Information services provide data and information on trends related to choosing or advancing in jobs. The most central and first established information system is a labor market information system or labor market “observatory.” It is hard to provide good job counseling if you don’t know where the local economy is going, or hard to recommend to a job seeker they undergo training if you don’t have the information base on where employment is growing and which institutions’ graduates get jobs. A labor market information system requires a level of systematic labor market information (e.g. annual, quarterly labor market surveys) as well as an institutional investment to keep it continually relevant.
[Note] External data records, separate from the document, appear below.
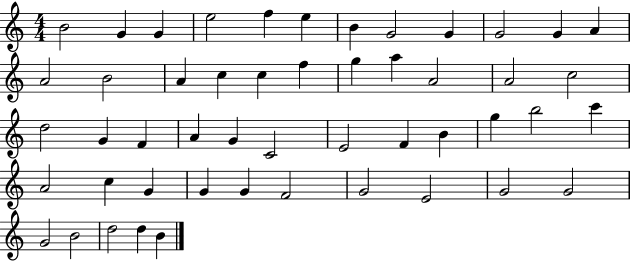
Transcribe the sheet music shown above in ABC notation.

X:1
T:Untitled
M:4/4
L:1/4
K:C
B2 G G e2 f e B G2 G G2 G A A2 B2 A c c f g a A2 A2 c2 d2 G F A G C2 E2 F B g b2 c' A2 c G G G F2 G2 E2 G2 G2 G2 B2 d2 d B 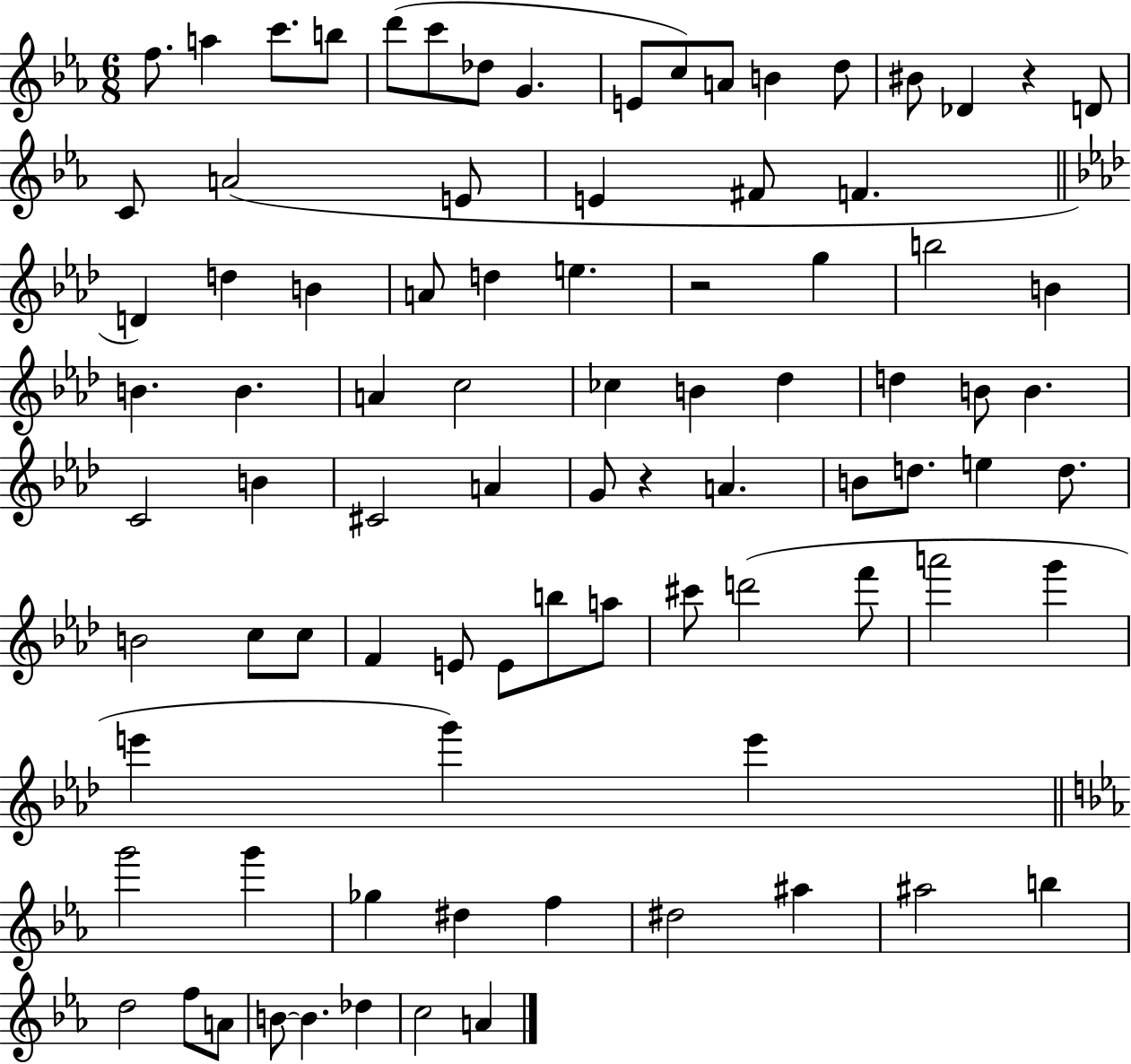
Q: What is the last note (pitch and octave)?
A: A4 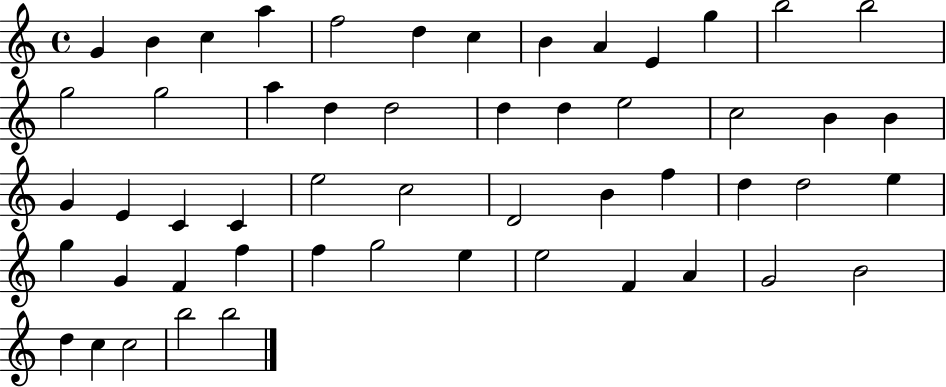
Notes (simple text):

G4/q B4/q C5/q A5/q F5/h D5/q C5/q B4/q A4/q E4/q G5/q B5/h B5/h G5/h G5/h A5/q D5/q D5/h D5/q D5/q E5/h C5/h B4/q B4/q G4/q E4/q C4/q C4/q E5/h C5/h D4/h B4/q F5/q D5/q D5/h E5/q G5/q G4/q F4/q F5/q F5/q G5/h E5/q E5/h F4/q A4/q G4/h B4/h D5/q C5/q C5/h B5/h B5/h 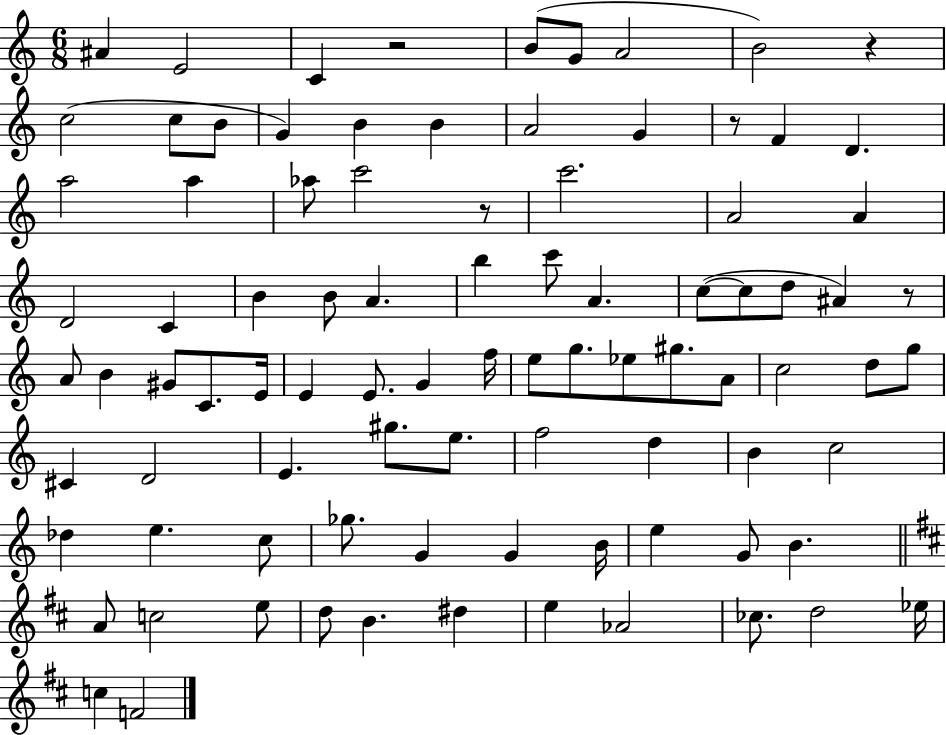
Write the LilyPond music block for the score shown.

{
  \clef treble
  \numericTimeSignature
  \time 6/8
  \key c \major
  \repeat volta 2 { ais'4 e'2 | c'4 r2 | b'8( g'8 a'2 | b'2) r4 | \break c''2( c''8 b'8 | g'4) b'4 b'4 | a'2 g'4 | r8 f'4 d'4. | \break a''2 a''4 | aes''8 c'''2 r8 | c'''2. | a'2 a'4 | \break d'2 c'4 | b'4 b'8 a'4. | b''4 c'''8 a'4. | c''8~(~ c''8 d''8 ais'4) r8 | \break a'8 b'4 gis'8 c'8. e'16 | e'4 e'8. g'4 f''16 | e''8 g''8. ees''8 gis''8. a'8 | c''2 d''8 g''8 | \break cis'4 d'2 | e'4. gis''8. e''8. | f''2 d''4 | b'4 c''2 | \break des''4 e''4. c''8 | ges''8. g'4 g'4 b'16 | e''4 g'8 b'4. | \bar "||" \break \key b \minor a'8 c''2 e''8 | d''8 b'4. dis''4 | e''4 aes'2 | ces''8. d''2 ees''16 | \break c''4 f'2 | } \bar "|."
}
The evolution and use of labor market information systems is a featured element in the second stage of labor intermediation services (Chap. 4).
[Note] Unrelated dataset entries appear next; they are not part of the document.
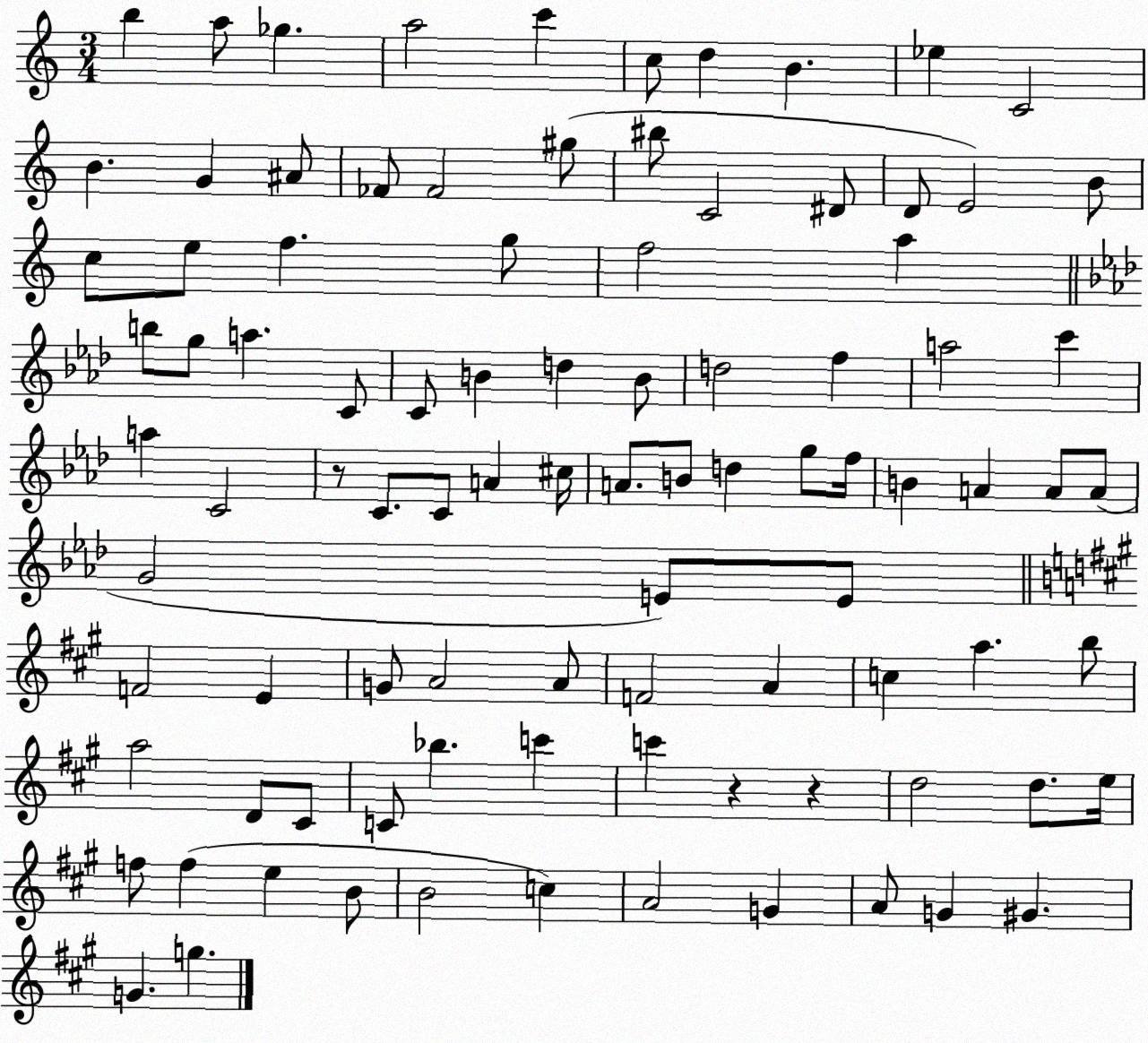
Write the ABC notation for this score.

X:1
T:Untitled
M:3/4
L:1/4
K:C
b a/2 _g a2 c' c/2 d B _e C2 B G ^A/2 _F/2 _F2 ^g/2 ^b/2 C2 ^D/2 D/2 E2 B/2 c/2 e/2 f g/2 f2 a b/2 g/2 a C/2 C/2 B d B/2 d2 f a2 c' a C2 z/2 C/2 C/2 A ^c/4 A/2 B/2 d g/2 f/4 B A A/2 A/2 G2 E/2 E/2 F2 E G/2 A2 A/2 F2 A c a b/2 a2 D/2 ^C/2 C/2 _b c' c' z z d2 d/2 e/4 f/2 f e B/2 B2 c A2 G A/2 G ^G G g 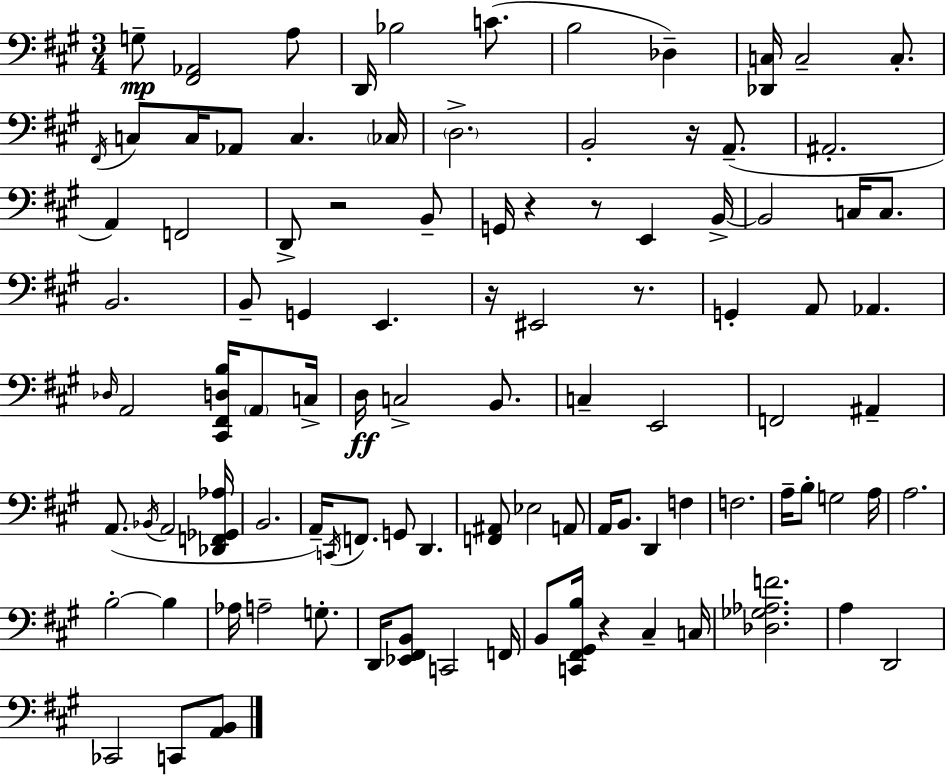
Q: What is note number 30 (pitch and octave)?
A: B2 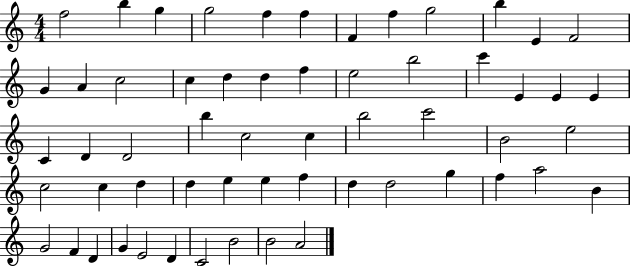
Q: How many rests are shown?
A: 0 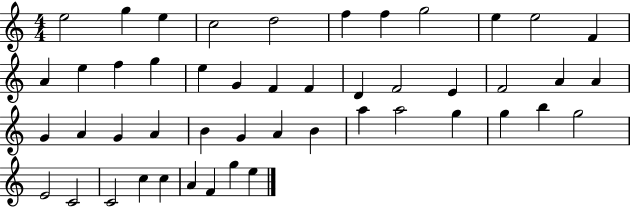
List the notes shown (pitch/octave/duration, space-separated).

Program Administration-Coordination. Labor intermediation services in their more advanced stages also administer or have on site in their offices a host of other social, labor, and economic services. In most of the advanced countries some form of employment service began together with an unemployment insurance (UI) program. The link was explicit in some European countries - the unemployed needed to walk into a public employment service and demonstrate they were looking for work to pick up their checks. Only an employment service would have the records and the capability to document a UI recipient’s efforts at job search. In Switzerland, a UI recipient must see an employment counselor at the local PES and receive job referrals or demonstrate specifically which firms he/she has solicited a job from. Administration or links with unemployment insurance or other social-economic programs is still a core function of most developed countries’ public employment services, even if some, like the United States, have long ago lost an effective job search requirement for UI. Unemployment insurance is a rare luxury in the low-income developing world, although more systems are found in middle-income developing countries, including in Eastern Europe, North Africa, Turkey, the Southern Cone of Latin America, and the Caribbean. The fundamental consideration for developing countries in utilizing public employment services for UI administration or coordination via enforcement of a work search requirement or verification of residency (e.g. that the UI recipient hasn’t migrated out of the country) is one of sequencing and labor market realities. If core employment services are not yet developed enough to serve the incoming unemployed, then requiring additional bureaucratic hoops to be jumped through to prove work search cripples both the PES, and the motivation/time of the UI recipient.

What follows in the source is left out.